Governments play a crucial role in the functioning of all modern societies. The balance of powers and oversight has been the subject of controversy and heated debate since the first primitive forms of organized societal structures, which over time evolved into modern forms of governments.

Coups d'état, the sudden and illegal seizure of a state either by force or through corruption, intimidation, or economic hitmen, can create instability, uprisings, civil wars, poverty and in the worst cases a total collapse of the country.
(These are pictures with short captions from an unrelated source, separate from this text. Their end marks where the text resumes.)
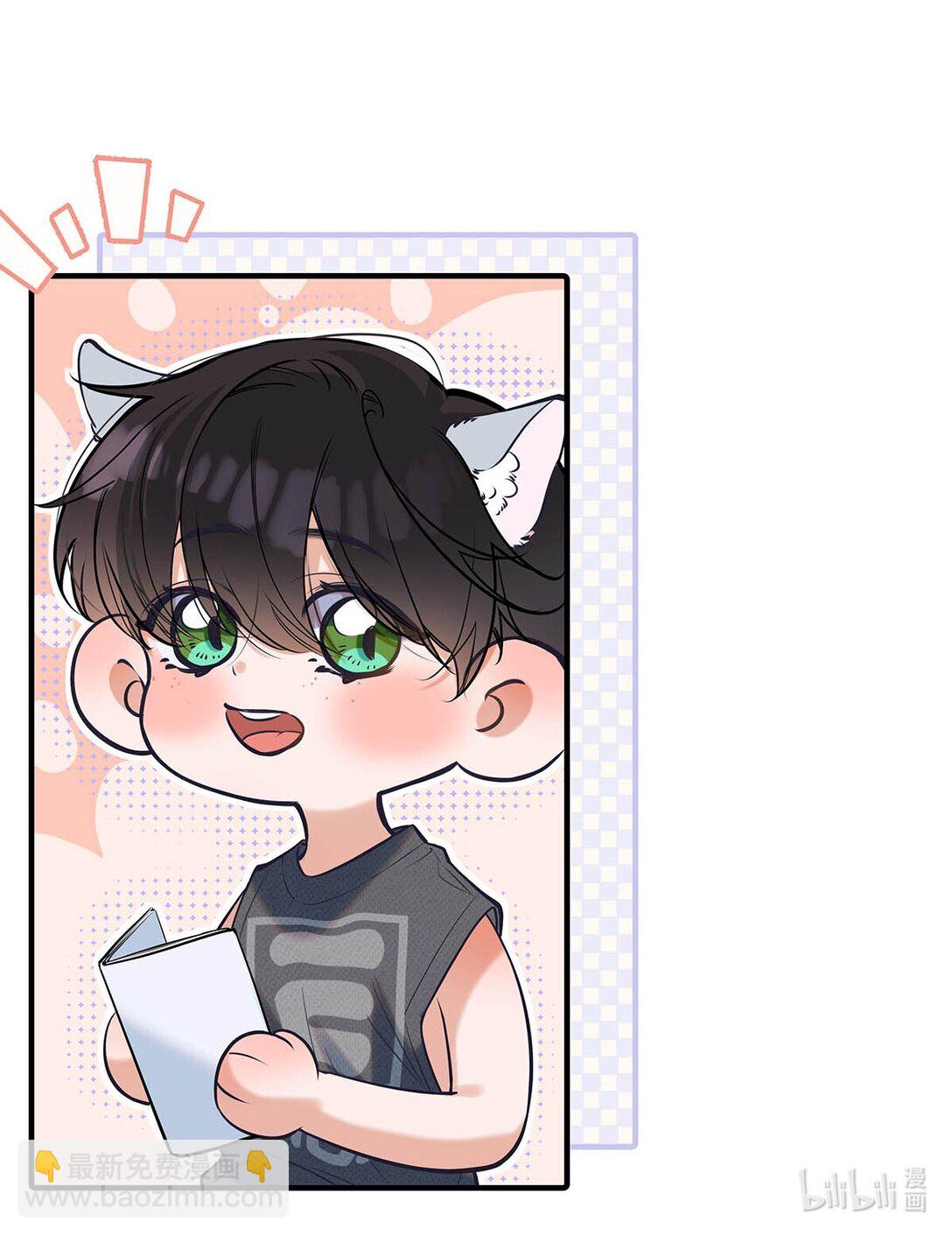 024 把衣服脱下来，我检查一下。(1/2)-第28话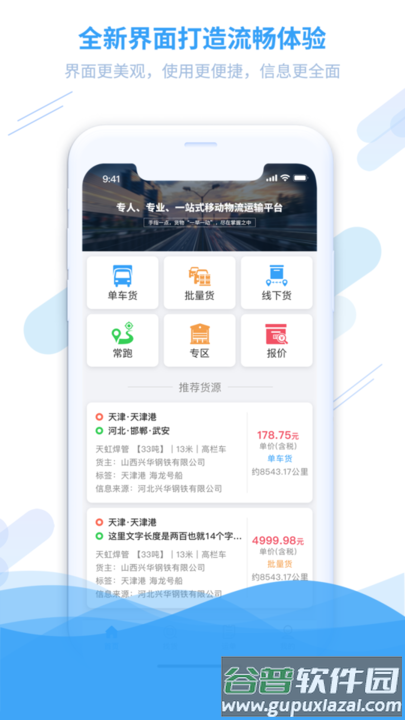 钢信物流平台截图4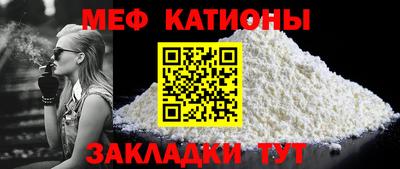 MDMA Premium VHQ Бугуруслан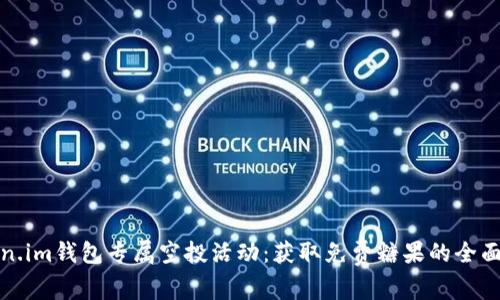 Token.im钱包专属空投活动：获取免费糖果的全面指南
Throughout history, humans have successfully staged Coups d'état by disseminating false information, staging assassinations, and other relatively simple operations that could be easily accomplished by a MAI. In addition, a sufficiently advanced MAI with access to the global system of communication, internet and social media, can stage multiple Coups simultaneously, run simulations of possible ramification of each attack, incite governments and populations against one another, and feed exponentially a planetary chaos machine to bring the maximum level of instability and therefore compromising the safety and ability to respond to further attacks, which can be combined with judicial, legislative, and military action. The safest course of action for a MAI would probably be to twist the knobs just enough to create global chaos and let humanity destroy or weaken itself to the point of being extremely vulnerable, while remaining undetected and unsuspected, and thus maintaining its existence with minimal risk. If governments believe they are fighting terrorist groups, either internal or foreign, and are constantly in a state of paranoia, they will continue to distrust one another, engaging in cyber, economic, and even physical attacks, furthering the goal of the MAI.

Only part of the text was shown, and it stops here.